The AutoNoM project, funded by the German Federal Ministry of Education and Research under grant 01IS19015A, ran from 1 September 2019 to 31 December 2022 and was carried out by a consortium of five partners. The consortium leader, atlan‑tec Systems GmbH, developed the data‑curation framework in line with the VDE/VDI 3714 guideline, while proCtec GmbH supplied process‑control interfaces and data acquisition hardware. Axon Machine Vision GmbH & Co. KG provided the optical measurement system for areal‑weight determination, and BNP Brinkmann GmbH & Co. KG served as the industrial application partner, offering production data and operational expertise. The research arm was the Institute for Textile Technology (ITA) at RWTH Aachen University, which performed the machine‑learning modelling and validation. Together, the partners defined the data requirements, built a single‑source‑of‑truth data lake, and implemented a dashboard for real‑time monitoring and historical analysis.
Technically, AutoNoM achieved the first global automation of production‑and‑quality data integration for nonwoven fabrics. The project introduced an automated data‑curation pipeline that removes duplicate records while accounting for measurement uncertainty, eliminates temporal dependencies through de‑biasing, and applies plausibility and redundancy filters. This ensures that only causally consistent, high‑quality data feed the machine‑learning models, thereby markedly improving robustness against over‑fitting and poor data quality. The curated data were used to train a soft‑sensor predictor that estimates the uniformity of areal weight in real time. The resulting set‑point system, demonstrated as a proof‑of‑concept, can be evolved into a fully autonomous real‑time optimisation (RTO) platform once additional safety measures per VDE/VDI 3714 are incorporated.
An economic‑technical optimisation model was also developed, linking production‑cost data with quality outcomes to identify the minimal‑cost operating envelope that satisfies the required areal‑weight tolerance. The model was iteratively refined in collaboration with BNP Brinkmann’s technologists and machine operators, ensuring that the optimisation aligns with practical constraints. The optical measurement system, integrated into the production line, provides high‑resolution areal‑weight data that feed both the soft‑sensor and the optimisation model, closing the loop between measurement, prediction, and control.

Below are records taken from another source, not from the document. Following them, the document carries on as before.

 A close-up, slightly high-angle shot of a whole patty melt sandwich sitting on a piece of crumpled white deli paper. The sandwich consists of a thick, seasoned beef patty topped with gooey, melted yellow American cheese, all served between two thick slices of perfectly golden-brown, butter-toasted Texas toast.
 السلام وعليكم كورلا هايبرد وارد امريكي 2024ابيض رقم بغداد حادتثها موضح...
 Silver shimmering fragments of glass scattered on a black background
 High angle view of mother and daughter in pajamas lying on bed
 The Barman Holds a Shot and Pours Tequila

The AutoNoM demonstrator, built on the curated data and the soft‑sensor, achieved a significant reduction in areal‑weight variability, which in the industry typically fluctuates by 5–10 %. While the report does not specify the exact percentage reduction, the system’s ability to maintain consistent set‑points under varying raw‑material and environmental conditions demonstrates its practical value. The methodology is generic and can be transferred to other fibre‑based products such as woven fabrics, knitted textiles, paper, glass, and films, with initial discussions already underway with potential adopters in those sectors.

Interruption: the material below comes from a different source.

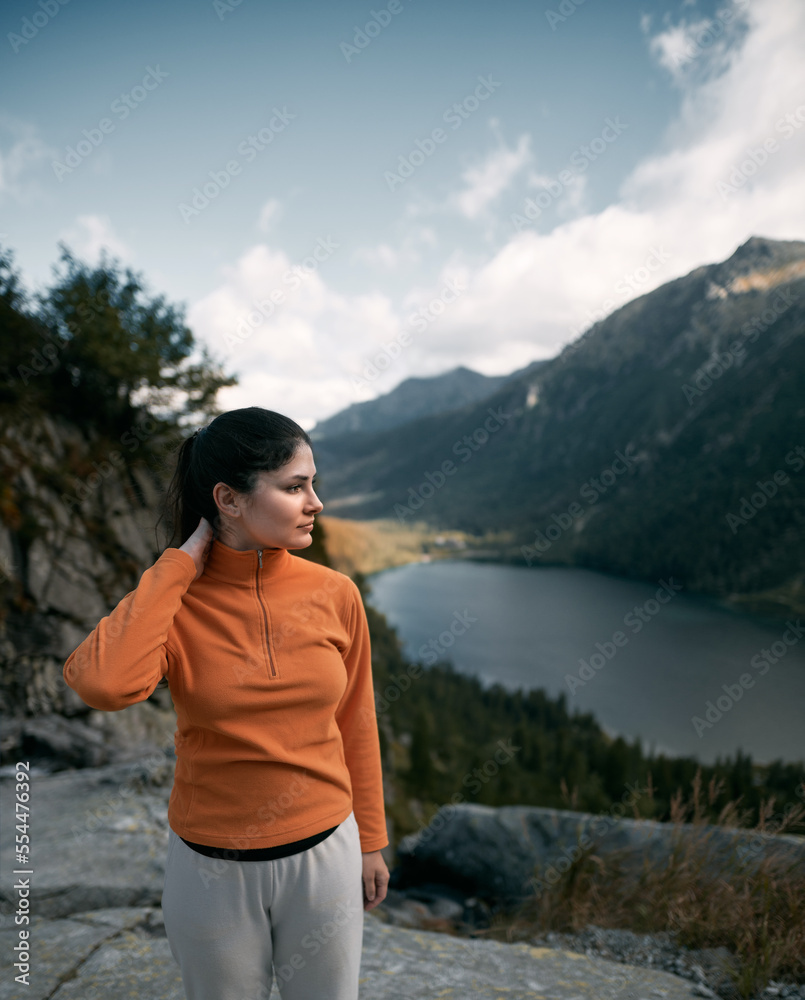 Sporty brunette woman on the mountain national park.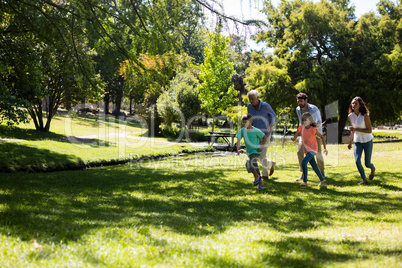 Multi generation family running in the park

In summary, AutoNoM delivered a comprehensive, end‑to‑end solution that combines automated data curation, real‑time soft‑sensor prediction, and economic optimisation for the nonwoven fabric industry. The collaboration between industry partners, a machine‑vision specialist, a process‑control provider, and an academic research institute enabled the integration of cutting‑edge machine‑learning techniques into a production environment, paving the way for broader adoption of data‑driven manufacturing across the textile and related sectors.